(Short text fragments from websites)
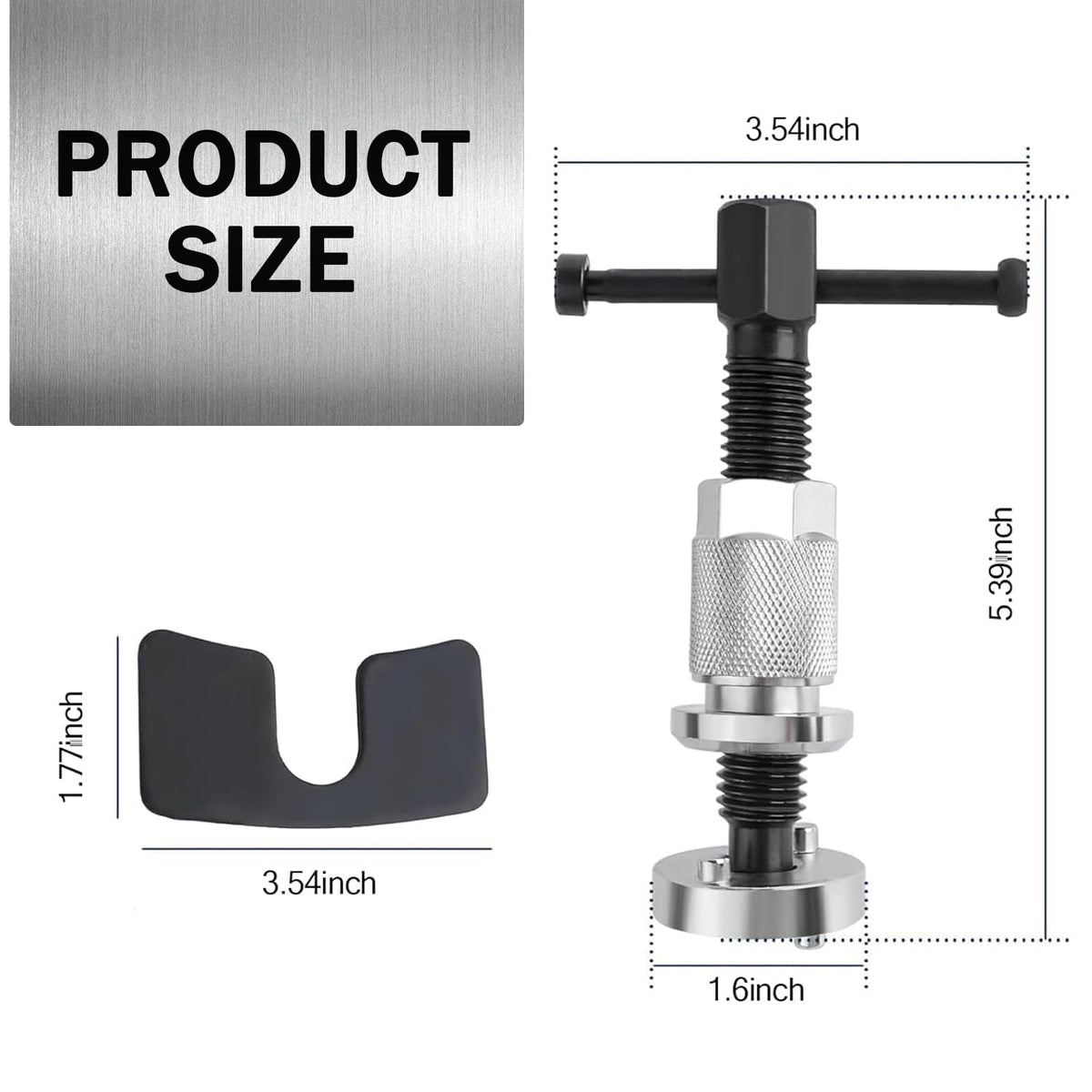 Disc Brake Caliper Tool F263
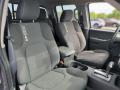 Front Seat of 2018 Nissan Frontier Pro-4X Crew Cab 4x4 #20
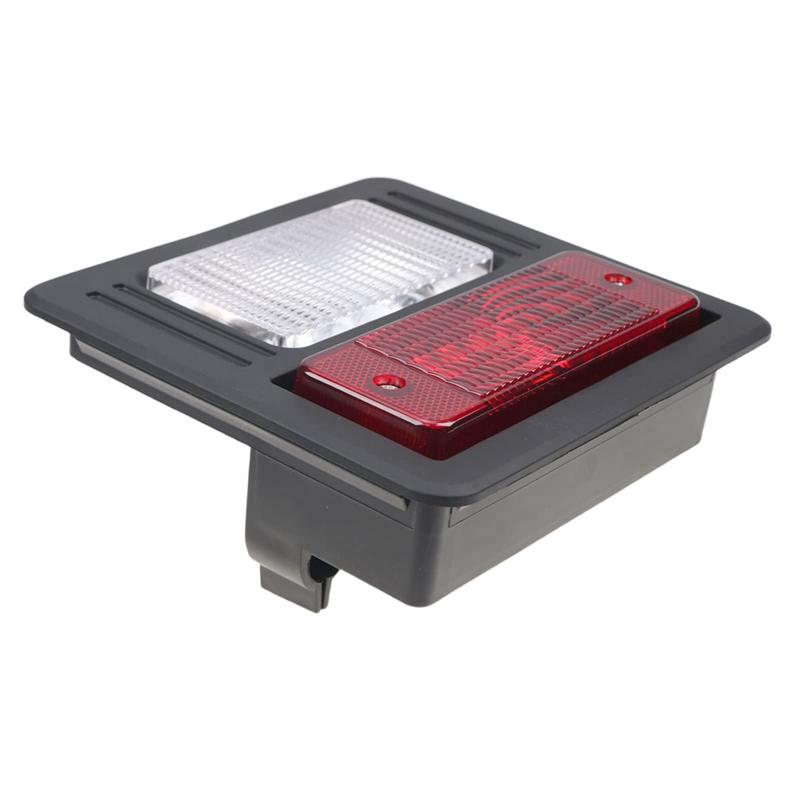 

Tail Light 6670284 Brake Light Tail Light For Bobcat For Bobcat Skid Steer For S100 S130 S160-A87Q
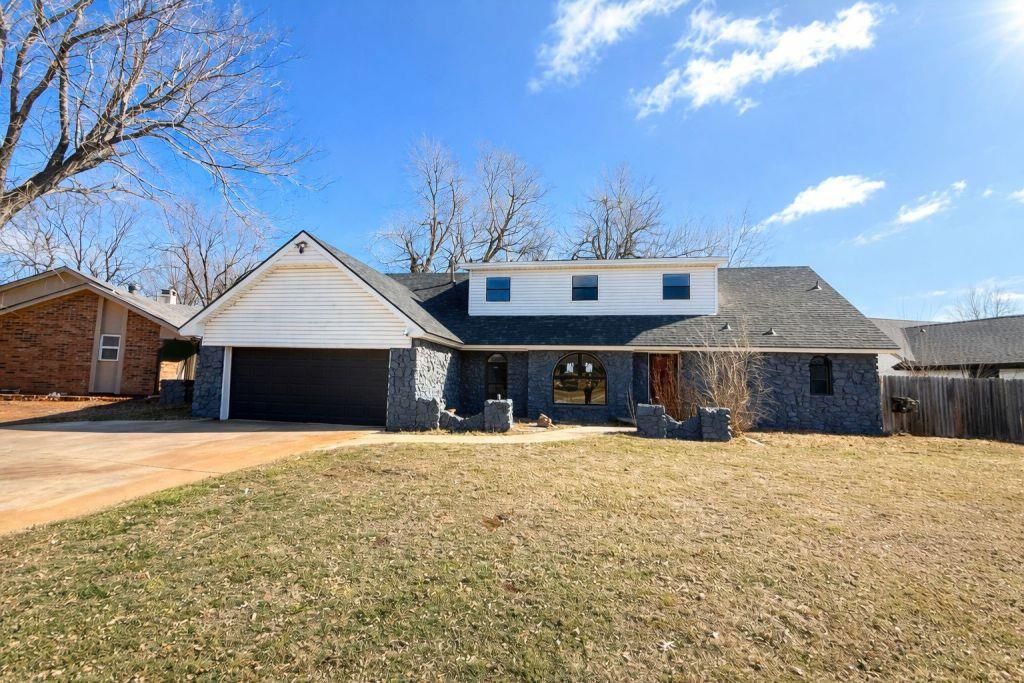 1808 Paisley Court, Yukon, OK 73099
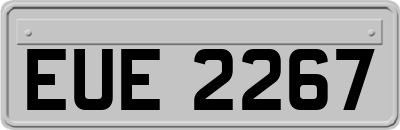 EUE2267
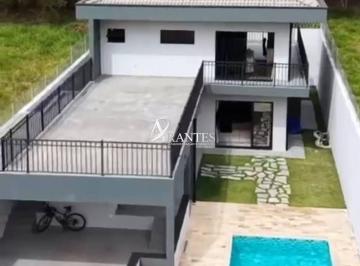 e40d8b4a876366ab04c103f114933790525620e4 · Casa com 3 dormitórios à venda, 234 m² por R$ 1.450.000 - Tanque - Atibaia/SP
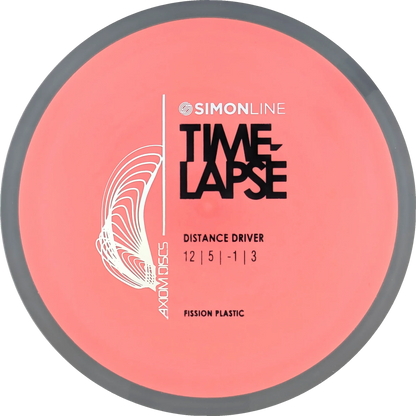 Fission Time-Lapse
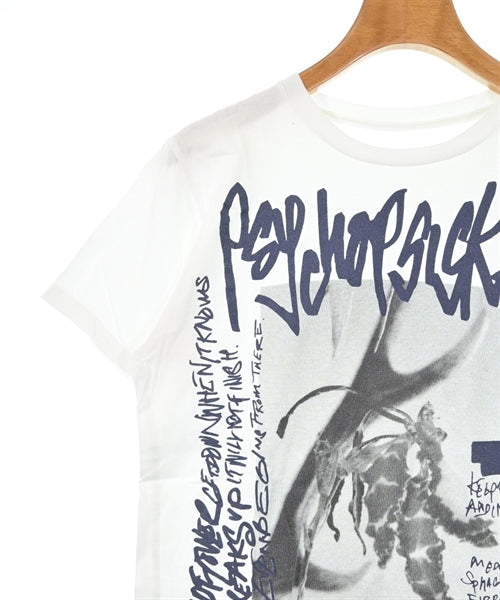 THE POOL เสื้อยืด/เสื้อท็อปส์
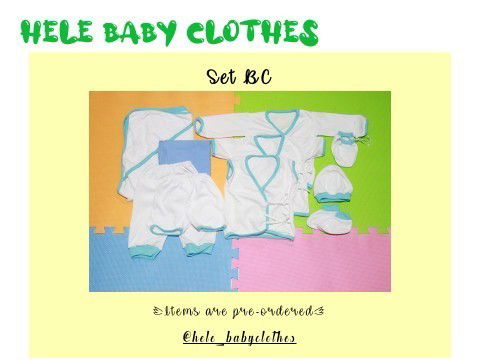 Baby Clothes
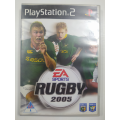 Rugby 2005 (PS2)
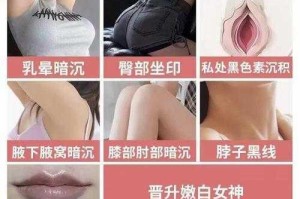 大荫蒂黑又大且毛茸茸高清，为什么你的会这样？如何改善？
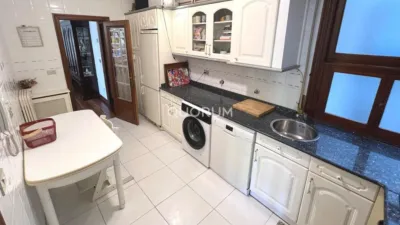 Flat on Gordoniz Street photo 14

--

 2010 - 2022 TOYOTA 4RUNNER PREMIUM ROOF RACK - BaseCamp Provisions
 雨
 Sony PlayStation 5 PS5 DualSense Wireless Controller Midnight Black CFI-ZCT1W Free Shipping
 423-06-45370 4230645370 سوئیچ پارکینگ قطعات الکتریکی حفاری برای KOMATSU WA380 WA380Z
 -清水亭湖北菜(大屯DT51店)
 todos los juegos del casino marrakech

Assignment
Starting at the line containing "e40d8b4a876366ab04c103f114933790525620e4 · Casa" and stopping at the line containing "Flat on Gordoniz Street photo 14", output each line exactly as it appears above. Leave out the pictures.

Exercise answer
 e40d8b4a876366ab04c103f114933790525620e4 · Casa com 3 dormitórios à venda, 234 m² por R$ 1.450.000 - Tanque - Atibaia/SP
 Fission Time-Lapse
 THE POOL เสื้อยืด/เสื้อท็อปส์
 Baby Clothes
 Rugby 2005 (PS2)
 大荫蒂黑又大且毛茸茸高清，为什么你的会这样？如何改善？
 Flat on Gordoniz Street photo 14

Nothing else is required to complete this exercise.